In a bid to reduce heinous crimes, the Lucknow police is all set to install artificial intelligence-enabled cameras in public places that will click pictures of women in distress on the basis of their facial expressions and send an alert message to the nearest police station immediately.
According to TOI, the police is confident that the app will efficiently detect even a minor change in the facial expressions of women, who have been subjected to stalking, threat or eve-teasing and as evidence. It will be enough for the law enforcers to nab the culprit. But is that all required to bring down crime rates in cities?
Common perception regarding surveillance
"After collecting feedback, we have identified 200 hotspots where the movement of girls is maximum and from where most of the complaints are received," Lucknow police commissioner DK Thakur said while discussing a 'safe city' initiative during a workshop, titled 'Aashish: Abhay aur Abhyudaya' at LU's Tilak hostel on Wednesday.
"We will set up five AI-based cameras which will be capable of sending an alert to nearest police station. These cameras will become active as soon as the expressions of a woman in distress change. Before she takes out the phone and dials 100 or UP 112 for help, an alert will reach the police," he added.
The police commissioner also stated that Lucknow is the only city in Uttar Pradesh which has been nationally selected to be developed as a 'safe city' for women.
It is a common perception among law enforcers that installing high-tech cameras across lanes and roads will effectively deter crime rates in megacities. Yes, they do have proved useful in solving crimes with proper footages but they haven't necessarily been able to deter them always.
Statistics say cameras don't help much
The proposal for installing CCTV cameras was ramped up after the Delhi gang rape of 2012, with the state and central government spending hundred and crores of rupees through the years.
Mint cited a study conducted by Surfshark, a VPN company based in the British Virgin Islands, which stated that Chennai has installed nearly 280,000 cameras, followed by Hyderabad and Delhi, with 300,000 and 429,000 cameras respectively, ranking second and eighth on the list of camera density metric. But crime rates in these—or any other Indian city—doesn't seem to have decreased.
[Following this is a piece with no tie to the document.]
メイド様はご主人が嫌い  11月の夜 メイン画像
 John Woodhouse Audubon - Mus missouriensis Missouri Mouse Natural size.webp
The study revealed that Chennai and Kochi have a similar crime index: 40.31 and 41.08. But CCTV camera density in these two cities varied vastly around 657.54 and 10.54 per sq. kilometres respectively.
In an overall, India recorded a 1.6 per cent rise in crime from 2018-19, according to a report released by the National Crime Records Bureau in October last year. While crimes against women increased by 7.3 per cent during this period of time, the report said further.
It is no doubt that cameras are not useful. But other factors such as manpower, proper infrastructure and adequate intelligence networks are required to be built across towns and cities, at first.